Indudablemente había en ese fenómeno una magia que trascendía los escenarios.
Pronto el grupo se desintegró, tras acumular una fama monumental. Cada uno de sus integrantes emprendió por aparte el camino que lo llevaría desde la fama hasta la muerte. Queda McCartney, cuya sola presencia despierta las viejas emociones de los mayores y enciende el nuevo fanatismo de los jóvenes, como si espolvorearan de nuevo las semillas de la antigua locura.
Y es tal su fuerza que, en Colombia, contagió a las autoridades enredándolas en un tema marginal, que ojalá se resuelva de una vez por todas: ¿dónde celebrar los conciertos?
Como no hay escenarios apropiados, se utilizan parques abiertos, una especie de Woodstock chiquitos, con la esperanza de que los asistentes estén dispuestos a pagar sumas elevadísimas, aguantar frío y soportar algún eventual aguacero.
Con Paul McCartney será distinto. Contra toda previsión, prestaron el estadio que estaba descartado para esos eventos, por los daños que sufre cada vez que lo usan para fines distintos de jugar con un balón.
Las autoridades se rindieron de inmediato y sentaron la nueva doctrina, según la cual los estadios de fútbol no son solo para fútbol, sino para todo lo demás que se les ocurra a los organizadores de espectáculos masivos. Con el debate abierto sobre si se perjudica o no la gramilla y qué tanto soporta las exigencias de un concierto multitudinario, las primeras notas comprobarán que la magia Beatle sigue rampante, que abre las puertas de cualquier escenario y que no hay autoridad que no se ablande ante la sola mención de nombres que hipnotizaron al mundo en los años sesentas.
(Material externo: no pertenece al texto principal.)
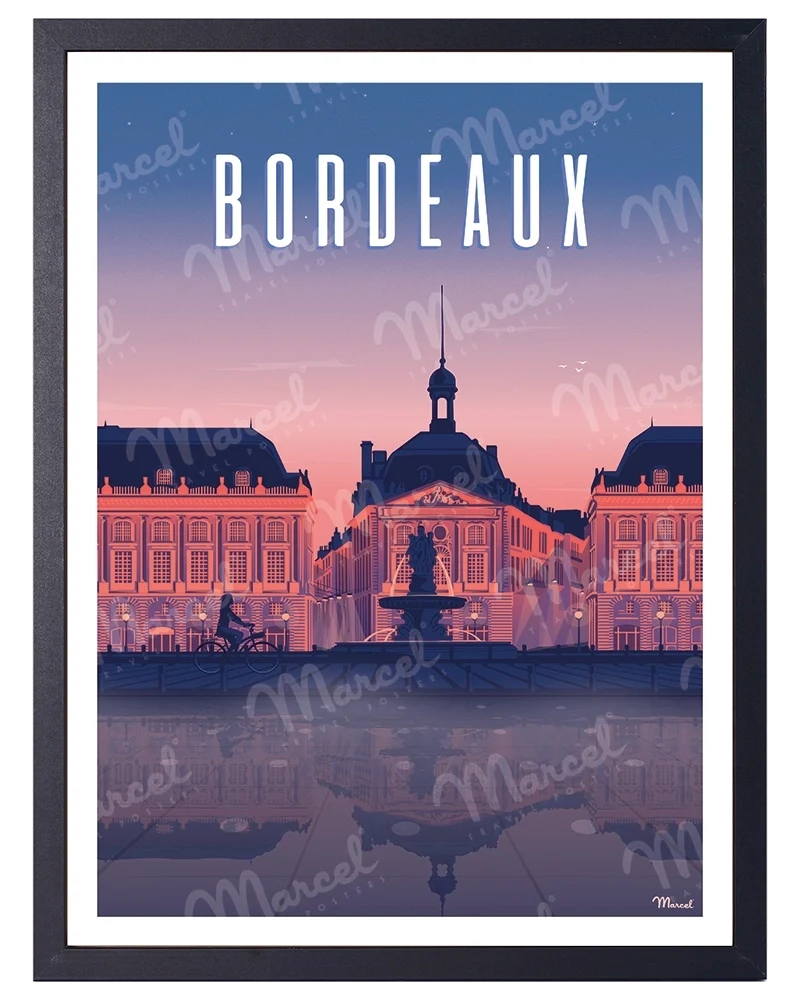 Affiche BORDEAUX "Place de la Bourse By Night"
La aventura del Campín tiene, sin embargo, una ventaja: demostrará si los estadios deben usarse sólo para lo que se construyeron o si todo cambia ante un nombre célebre. Si resulta mal y la grama dañada demuestra que no tolera abusos, las protestas serán lo suficientemente fuertes para impedir maltratos futuros. Al menos hasta que lleguen otros famosos, lo cual no parece muy remoto pues ya se habla de la visita de Madonna, una perspectiva que derretirá las negativas de las autoridades y desmayará a los hinchas del fútbol. ¡Yeah! ¡Yeah! ¡Yeah!